Hurting During the Holidays

By Jay Fennell

The holiday season is a joyous and heart-warming time for celebrating the birth of Jesus, continuing meaningful Christmas traditions, and spending time with the people we love the most…our families. If you’re like me, you can’t wait for the family to assemble, to enjoy fellowship around the table, the giving of gifts, and the making of memories. It’s all so exciting!

But amidst the multitude of people who embrace the holidays and look forward with anticipation to all that come with them, there are people who are hurting because their loved ones aren’t here any longer. For many, the holidays are looked upon with dread because they only magnify the grief and pain they feel over the loss of a husband, a wife, a son, a daughter, a parent, a friend or a neighbor. They hurt because their holiday memories and experiences are attached to that loved one. Every significant and meaningful Christmas experience was celebrated alongside the one they loved. And now they’re gone. And now the motivation and anticipation for Christmas is gone, too.

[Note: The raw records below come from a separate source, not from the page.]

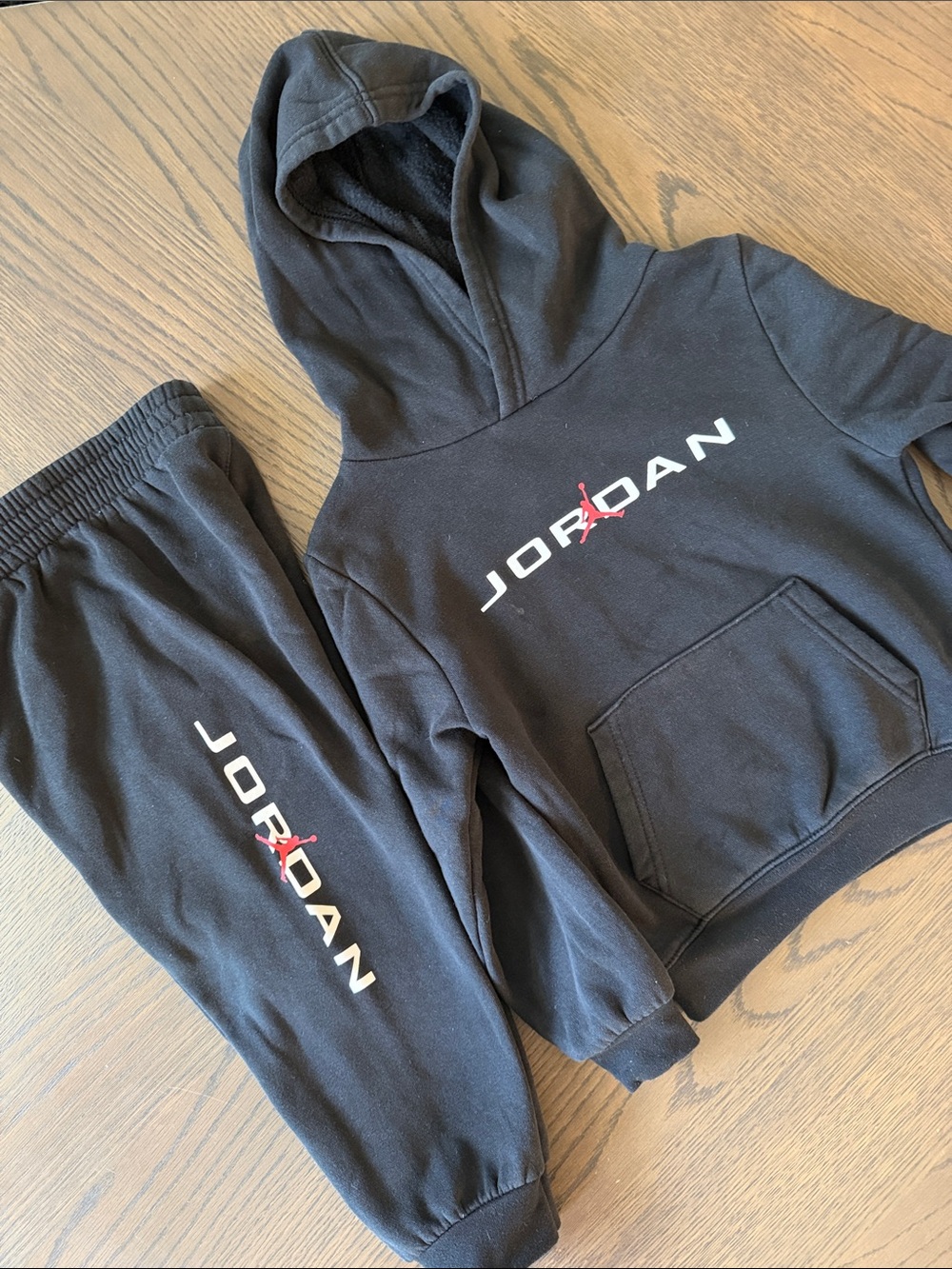 Jordan Kids Black Hoodie & Joggers Set with White and Red Logo
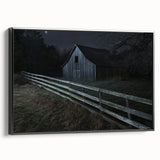 Landscape barn framed canvas artwork showcasing a serene rural scene with rich colors and intricate details, designed to enhance home decor and evoke tranquility.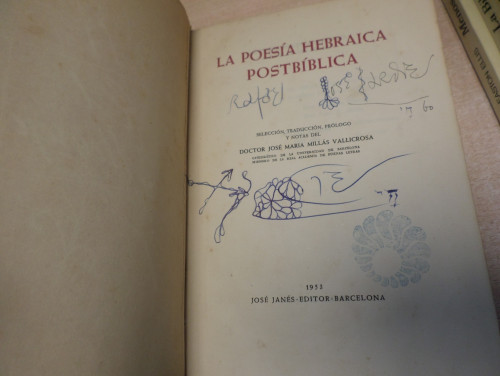 Portada del libro de POESIA HEBRAICA POST BIBLICA - 1ª EDICION 1953 - JOSÉ MARIA MILLÁS VALLICROSA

What can a LIFE Group do to minister to those who are hurting during the holidays? Here are a few suggestions:

  • Be Present. The holidays are busy and that’s one of the reasons people struggle during the holidays. They feel forgotten and alone. The busier everyone else is, the more alone they feel. Be sensitive to this and be present with them as much as you can. Connect with them via text message or email or phone call. Take them to lunch. Give special attention to them, especially those whose loss is so fresh. Your presence may have a healing effect on them.
  • Be Prayerful. Pray FOR them, that God would grant them a peace that surpasses all understanding and that their holiday season would be filled with warm, new memories that contribute to their healing. Consider praying WITH them, that God would grant them comfort in their sorrow. Interceding on behalf of a LIFE Group member who has lost a loved one is one of the most important things you can do. Send them a card and tell them you remember them and are praying for them.
  • Be Sensitive. As you’re planning parties and family get-togethers and describing the joy that you will experience through those occasions, be sensitive to the ones who may not be experiencing the same excitement as you. I’m not saying to temper your excitement as not to make someone else feel bad. I’m saying to show a godly discernment in talking about those things that takes into account the person’s pain and hurt.
  • Be Proactive. Reach out to them. Initiate and ask if there’s anything you can do that will make a significant difference to them during the holidays. What can you provide that would impact them and bring comfort to them during the season? A meal? Flowers?